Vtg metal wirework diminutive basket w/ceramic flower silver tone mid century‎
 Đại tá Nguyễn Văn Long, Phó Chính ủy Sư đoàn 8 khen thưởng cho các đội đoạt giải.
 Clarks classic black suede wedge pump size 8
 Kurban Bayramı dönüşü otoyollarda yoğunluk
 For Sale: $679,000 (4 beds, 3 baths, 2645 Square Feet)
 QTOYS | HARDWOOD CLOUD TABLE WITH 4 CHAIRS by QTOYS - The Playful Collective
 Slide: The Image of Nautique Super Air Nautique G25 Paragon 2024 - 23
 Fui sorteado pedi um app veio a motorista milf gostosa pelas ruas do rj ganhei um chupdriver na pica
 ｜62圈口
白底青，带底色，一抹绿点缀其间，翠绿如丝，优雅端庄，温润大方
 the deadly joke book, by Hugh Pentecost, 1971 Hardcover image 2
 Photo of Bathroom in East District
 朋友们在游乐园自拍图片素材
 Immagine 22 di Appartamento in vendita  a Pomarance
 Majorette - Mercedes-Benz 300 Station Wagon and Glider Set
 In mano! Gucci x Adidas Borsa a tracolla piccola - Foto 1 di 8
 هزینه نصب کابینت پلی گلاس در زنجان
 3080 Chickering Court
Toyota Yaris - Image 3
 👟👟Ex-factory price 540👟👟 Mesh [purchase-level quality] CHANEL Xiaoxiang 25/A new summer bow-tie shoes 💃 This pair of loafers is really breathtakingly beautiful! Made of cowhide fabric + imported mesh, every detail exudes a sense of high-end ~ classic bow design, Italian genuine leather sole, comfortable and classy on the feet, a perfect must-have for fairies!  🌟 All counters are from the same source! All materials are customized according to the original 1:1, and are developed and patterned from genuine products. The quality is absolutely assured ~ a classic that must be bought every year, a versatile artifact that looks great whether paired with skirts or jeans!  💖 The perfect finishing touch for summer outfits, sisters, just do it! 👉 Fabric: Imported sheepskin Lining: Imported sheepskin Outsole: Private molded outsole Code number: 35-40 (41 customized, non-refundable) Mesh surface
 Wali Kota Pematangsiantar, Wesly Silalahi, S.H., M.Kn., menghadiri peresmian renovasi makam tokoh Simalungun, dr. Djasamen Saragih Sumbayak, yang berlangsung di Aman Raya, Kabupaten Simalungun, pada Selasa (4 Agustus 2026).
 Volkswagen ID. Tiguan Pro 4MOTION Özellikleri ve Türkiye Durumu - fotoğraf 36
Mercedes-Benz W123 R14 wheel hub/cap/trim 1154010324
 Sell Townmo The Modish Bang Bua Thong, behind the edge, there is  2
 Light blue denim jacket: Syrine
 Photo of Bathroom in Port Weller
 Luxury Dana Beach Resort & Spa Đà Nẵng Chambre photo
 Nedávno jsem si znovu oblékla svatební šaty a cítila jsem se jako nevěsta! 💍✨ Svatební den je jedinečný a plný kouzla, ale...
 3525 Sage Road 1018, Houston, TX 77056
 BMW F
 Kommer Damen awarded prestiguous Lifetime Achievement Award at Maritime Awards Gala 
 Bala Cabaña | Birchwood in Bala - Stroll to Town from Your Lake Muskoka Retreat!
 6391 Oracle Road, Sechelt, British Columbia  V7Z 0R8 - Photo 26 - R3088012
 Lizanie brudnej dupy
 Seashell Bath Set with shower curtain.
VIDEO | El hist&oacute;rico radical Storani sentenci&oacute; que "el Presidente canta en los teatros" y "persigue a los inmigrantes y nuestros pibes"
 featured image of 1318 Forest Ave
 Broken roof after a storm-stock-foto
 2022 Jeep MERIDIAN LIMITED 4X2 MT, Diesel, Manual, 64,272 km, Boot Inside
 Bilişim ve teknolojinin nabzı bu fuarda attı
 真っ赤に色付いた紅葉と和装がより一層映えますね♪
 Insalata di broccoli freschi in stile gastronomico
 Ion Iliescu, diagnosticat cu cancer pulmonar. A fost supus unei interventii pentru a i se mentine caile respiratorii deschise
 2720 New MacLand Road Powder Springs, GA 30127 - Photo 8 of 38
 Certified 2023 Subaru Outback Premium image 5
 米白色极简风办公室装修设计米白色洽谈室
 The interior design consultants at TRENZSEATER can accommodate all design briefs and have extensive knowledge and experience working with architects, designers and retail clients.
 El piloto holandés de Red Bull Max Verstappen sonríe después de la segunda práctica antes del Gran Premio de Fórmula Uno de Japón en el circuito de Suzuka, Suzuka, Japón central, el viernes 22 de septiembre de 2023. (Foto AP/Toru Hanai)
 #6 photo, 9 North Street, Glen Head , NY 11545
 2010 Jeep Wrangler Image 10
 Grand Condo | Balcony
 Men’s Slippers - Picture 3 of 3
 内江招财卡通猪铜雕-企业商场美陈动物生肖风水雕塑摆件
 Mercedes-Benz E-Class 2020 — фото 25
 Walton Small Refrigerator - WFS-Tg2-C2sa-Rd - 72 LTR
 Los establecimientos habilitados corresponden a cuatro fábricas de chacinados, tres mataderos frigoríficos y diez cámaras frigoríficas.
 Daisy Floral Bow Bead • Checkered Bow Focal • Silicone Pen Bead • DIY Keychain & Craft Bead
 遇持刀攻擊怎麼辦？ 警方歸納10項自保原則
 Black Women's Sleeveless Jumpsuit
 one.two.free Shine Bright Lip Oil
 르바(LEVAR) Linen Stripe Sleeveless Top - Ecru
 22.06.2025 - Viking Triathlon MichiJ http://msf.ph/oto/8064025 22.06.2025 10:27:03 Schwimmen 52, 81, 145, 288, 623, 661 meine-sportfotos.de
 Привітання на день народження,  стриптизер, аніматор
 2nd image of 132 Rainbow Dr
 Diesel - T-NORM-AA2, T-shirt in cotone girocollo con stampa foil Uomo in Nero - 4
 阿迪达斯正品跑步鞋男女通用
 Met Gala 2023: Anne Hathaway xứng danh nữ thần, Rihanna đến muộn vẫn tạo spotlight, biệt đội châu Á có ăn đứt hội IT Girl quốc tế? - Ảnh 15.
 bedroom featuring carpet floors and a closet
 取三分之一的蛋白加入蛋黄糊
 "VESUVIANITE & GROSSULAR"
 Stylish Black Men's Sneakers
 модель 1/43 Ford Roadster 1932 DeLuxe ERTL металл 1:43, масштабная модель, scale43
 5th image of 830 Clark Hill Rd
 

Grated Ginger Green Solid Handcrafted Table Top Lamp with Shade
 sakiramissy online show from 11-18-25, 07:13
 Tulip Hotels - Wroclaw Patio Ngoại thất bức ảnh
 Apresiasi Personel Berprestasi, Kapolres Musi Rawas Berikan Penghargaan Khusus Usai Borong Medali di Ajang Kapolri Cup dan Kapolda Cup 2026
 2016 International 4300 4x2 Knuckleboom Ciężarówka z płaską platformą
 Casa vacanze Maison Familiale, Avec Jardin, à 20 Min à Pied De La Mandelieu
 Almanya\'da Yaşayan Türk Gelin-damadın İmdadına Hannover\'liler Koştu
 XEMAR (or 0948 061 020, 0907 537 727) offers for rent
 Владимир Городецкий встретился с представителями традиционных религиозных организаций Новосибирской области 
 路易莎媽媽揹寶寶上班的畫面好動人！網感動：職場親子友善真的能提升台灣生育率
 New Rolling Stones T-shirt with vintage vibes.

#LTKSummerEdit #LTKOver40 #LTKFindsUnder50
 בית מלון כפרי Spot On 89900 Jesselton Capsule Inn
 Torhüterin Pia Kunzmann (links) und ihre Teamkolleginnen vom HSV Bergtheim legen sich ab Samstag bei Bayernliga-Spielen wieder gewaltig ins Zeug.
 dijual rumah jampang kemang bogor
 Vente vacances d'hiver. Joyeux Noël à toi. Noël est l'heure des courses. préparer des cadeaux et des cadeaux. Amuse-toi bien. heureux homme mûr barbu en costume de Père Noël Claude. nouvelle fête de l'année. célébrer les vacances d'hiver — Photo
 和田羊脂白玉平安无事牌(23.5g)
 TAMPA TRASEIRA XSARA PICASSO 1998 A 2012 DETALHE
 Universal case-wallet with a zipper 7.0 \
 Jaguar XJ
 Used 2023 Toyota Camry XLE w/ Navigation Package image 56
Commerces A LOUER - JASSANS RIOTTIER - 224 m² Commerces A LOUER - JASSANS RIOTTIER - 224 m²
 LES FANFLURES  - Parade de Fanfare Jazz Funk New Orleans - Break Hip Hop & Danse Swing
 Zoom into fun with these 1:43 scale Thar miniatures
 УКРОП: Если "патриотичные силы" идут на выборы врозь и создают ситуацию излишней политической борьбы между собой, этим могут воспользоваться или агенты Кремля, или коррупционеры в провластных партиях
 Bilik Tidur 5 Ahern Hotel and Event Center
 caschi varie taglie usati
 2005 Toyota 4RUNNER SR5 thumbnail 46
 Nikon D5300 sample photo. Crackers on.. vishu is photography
★ ★ ★
_What is being asked_. Pick out and copy the lines of the entries that hold the string "Benz".

_Task output_.
 Majorette - Mercedes-Benz 300 Station Wagon and Glider Set
Mercedes-Benz W123 R14 wheel hub/cap/trim 1154010324
 Mercedes-Benz E-Class 2020 — фото 25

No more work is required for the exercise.